The responsibility of keeping children safe at school
Re: “Staffers wounded in shooting at East” and “Students, parents struggle with ongoing violence,” March 23 news stories
The shooting of two East High School administrators is very disturbing to me as an East High graduate. As I observed the tragic situation unfold on television, I found the reaction of some upset and concerned parents to be totally understandable yet misguided.
As they hammered Mayor Michael Hancock with requests to put armed police back in the school, those distraught parents didn’t seem to understand that the decision to remove armed school resource officers (SROS) from the school was made by the Board of Education a couple of years ago. Therefore, any move to put them back has to be approved by the BOE.
The bad decision to eliminate SROS was fueled by a disdain for police and the fear of having guns in schools. It turns out that when you ban guns, the bad guys always seem to have them and the bad guys tragically prevail, as we saw at East High. The best way to stop the bad guy with a gun is to have SROS with guns.
The real problem is with the Denver Public Schools Board of Education, not the mayor.
— E. John Clarke, Fort Collins
I’m a grandparent of a student at East High. I’m appalled that this evidently dangerous student was allowed to attend school. With his history, including exclusion from another school and imposed terms of attendance — a daily frisk by school personnel — no one was using common sense. The safety of all students and school personnel was put in jeopardy by this irresponsible decision. In addition, were parents notified of this student’s attendance terms? Policy changes must be made for the safety of all.
— Mimi Rigali, Holyoke, Mass.
Another child has died. Another family is grieving. Hundreds have been traumatized again. We are failing our children, period. It is our fault.
When a young man feels he has no choice but to carry a gun, whether from fear or anger, and to kill himself in desperation when the situation gets out of hand and he panics, we are to blame. Not him. Us. Until we are willing to make real changes and give our children real options and solutions for dealing with the crises of life, then this tragedy is your fault, my fault, our fault.
— Lynne Forrester, Littleton
I just read with dismay how Denver’s East High School staff had been conducting a “security search” of a high-risk student daily as part of a safety plan.

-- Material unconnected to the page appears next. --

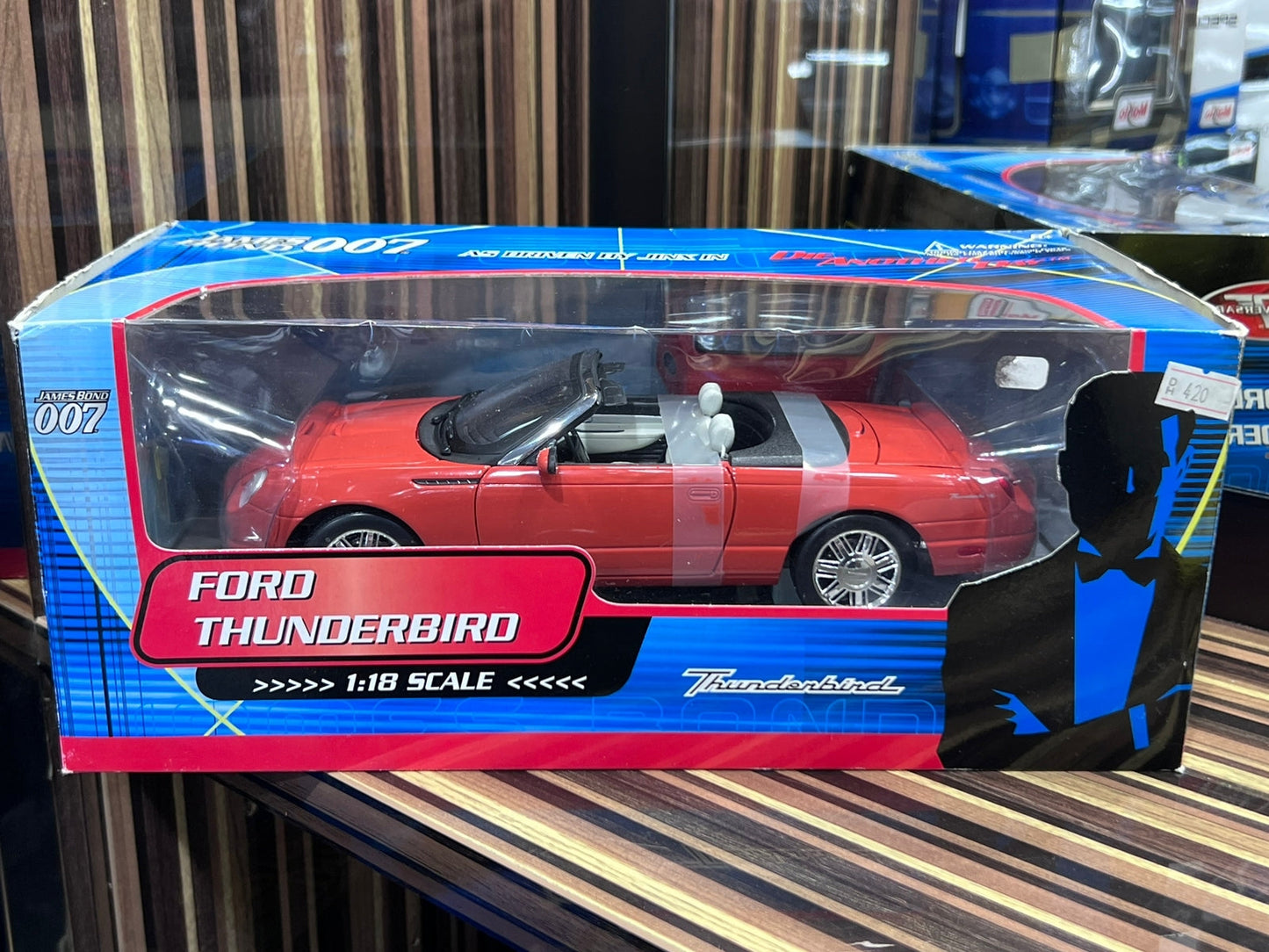 1/18 Diecast Ford Thunderbird James Bond Red Ertl Collectibles Scale Model Car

As a retired police officer, I can say, without any doubt, that the search of another person, especially someone who is considered potentially dangerous, is a high-risk activity that unreasonably places public school staffers in danger.

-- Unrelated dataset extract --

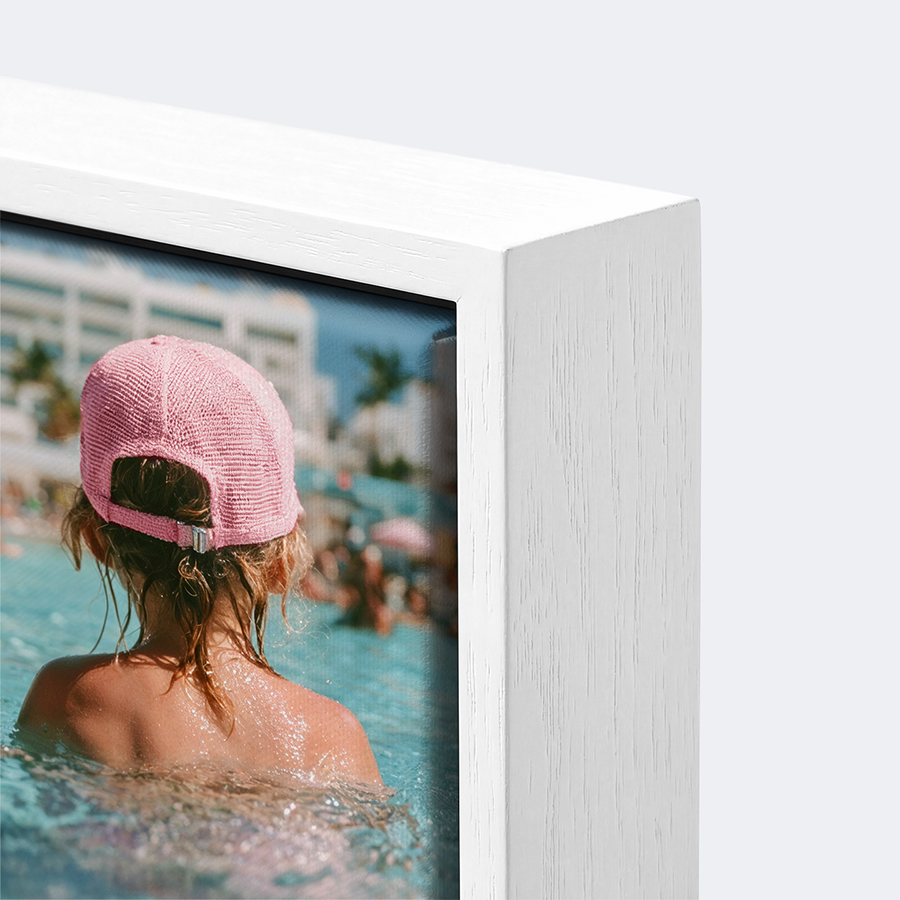 Gerahmter Fotodruck mit weiß gemasertem Holzrahmen – Detailansicht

Police are taught, in great detail and with extensive training, how to search another person safely and successfully. School staff members are not police officers and are not trained in search methods. A search done incorrectly by an untrained person is an absolute recipe for disaster if it turns out the person being searched has a weapon.
How often do we have to experience tragedy before we agree that having a trained school resource officer in our schools benefits us all?